The fastest way to build credit is with a credit card. To obtain a traditional, unsecured credit card, you need to have established credit. It’s a bit of a Catch-22 for folks looking to enhance their credit score.
Fortunately, there are alternative methods for building a borrowing history that don’t involve applying for little plastic rectangles. Here are three ways to build credit without a traditional credit card.
1. Credit-builder loans
Often available at credit unions and community banks, credit-builder loans are financial products that exist for the sole purpose of helping members build credit. With a credit-builder loan, you are essentially borrowing money from yourself. The loan poses no risk to the issuer.
You pay the credit union the loan’s amount upfront — either in one lump sum or in monthly installments that the organization places in an interest-bearing savings account. Once the loan is paid in full, you have access to the money. The borrower might pay anywhere from 0% to 18% in interest depending on the terms of the loan. Payments are reported to credit bureaus. Late and missed payments will have an adverse effect on your credit score, so make sure you keep up.
2. Other loans
Credit-builder loans aren’t the only loans that will help you build credit. Paying back car loans, student loans and mortgages will also show lenders that you are a responsible spender. If you have existing loans, it is vital you make all payments on time. This is a surefire way to improve your credit score. Refrain from taking out new loans unless you are absolutely certain you will be able to keep up with payments. If you’re having trouble getting approved for a loan, you might try a peer-to-peer option.
3. Obtain a secured card
If you’re reading this article because you’re having difficulty getting approved for a credit card, don’t give up just yet. Almost anyone can get approved for a secured credit card because, like credit-builder loans, they are issued at no risk to the lender.
A secured card is different from a regular card in that you’re required to put down a security deposit that will determine your spending limit.
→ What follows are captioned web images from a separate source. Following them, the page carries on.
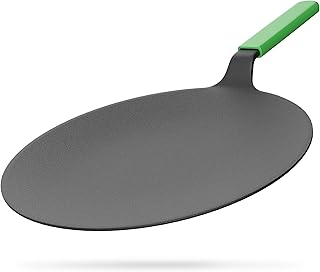 Esspy 26cm/10inch Pre-Seasoned Cast Iron Roti Tawa with Silicon Sleeve, Iron Tawa for Chapati/Phulka, Even Heat Distributor, Retains Heat to Enhance Flavor, Toxin Free Cast Iron Cookware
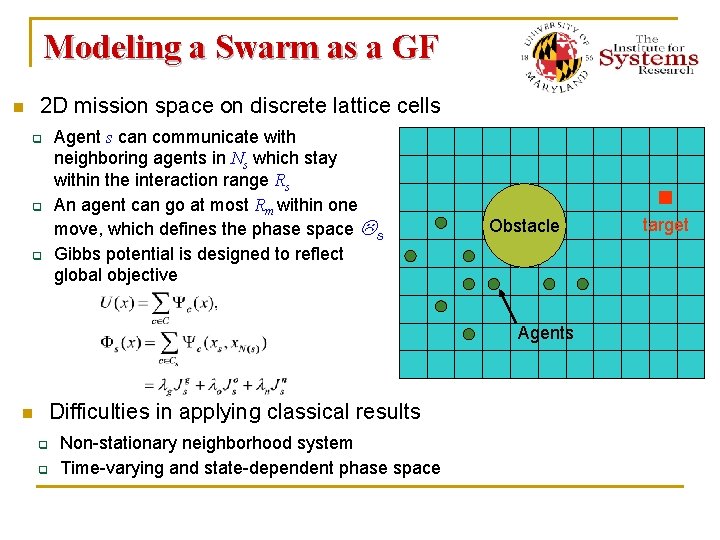 Modeling a Swarm as a GF 2 D mission space on discrete lattice cells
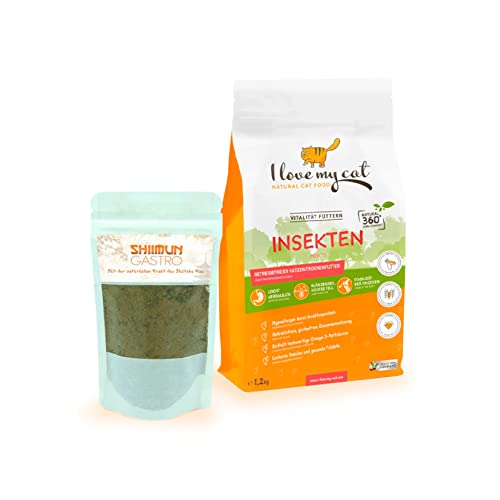 I love my cat Sparset für Katzen mit Pankreatitis Getreidefreies Trockenfutter mit Insektenprotein und Nahrungsergänzung Shiimun Gastro mit Shiitake 1,28 kg von I love my cat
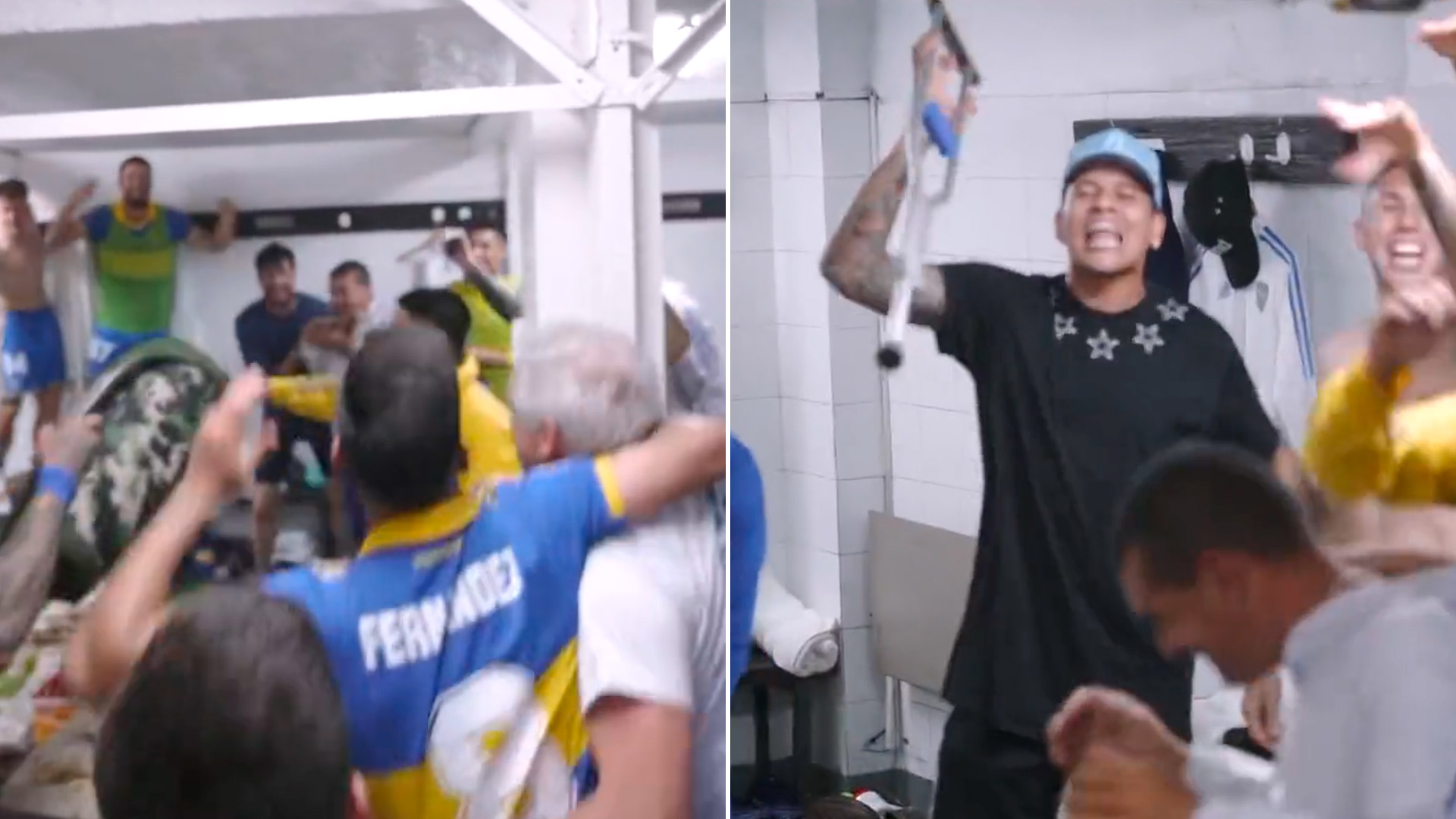 El festejo íntimo de Boca Juniors con Marcos Rojo en muletas y la respuesta a un tuit viral de Racing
Often, the minimum deposit is a couple hundred dollars, and the more you put down, the higher your limit will be. Again, you’re basically borrowing money from yourself.
Unlike with prepaid debit cards, your payments on a secured card will be reported to the credit bureaus and have a significant impact on your credit score. When you eventually qualify for an unsecured card, you can close your account to have the security deposit refunded. Secured cards aren’t the most alluring financial products, but they are a quick route to better credit if you keep up with your payments and stay well under your spending limit.
This article updated Nov 2, 2016.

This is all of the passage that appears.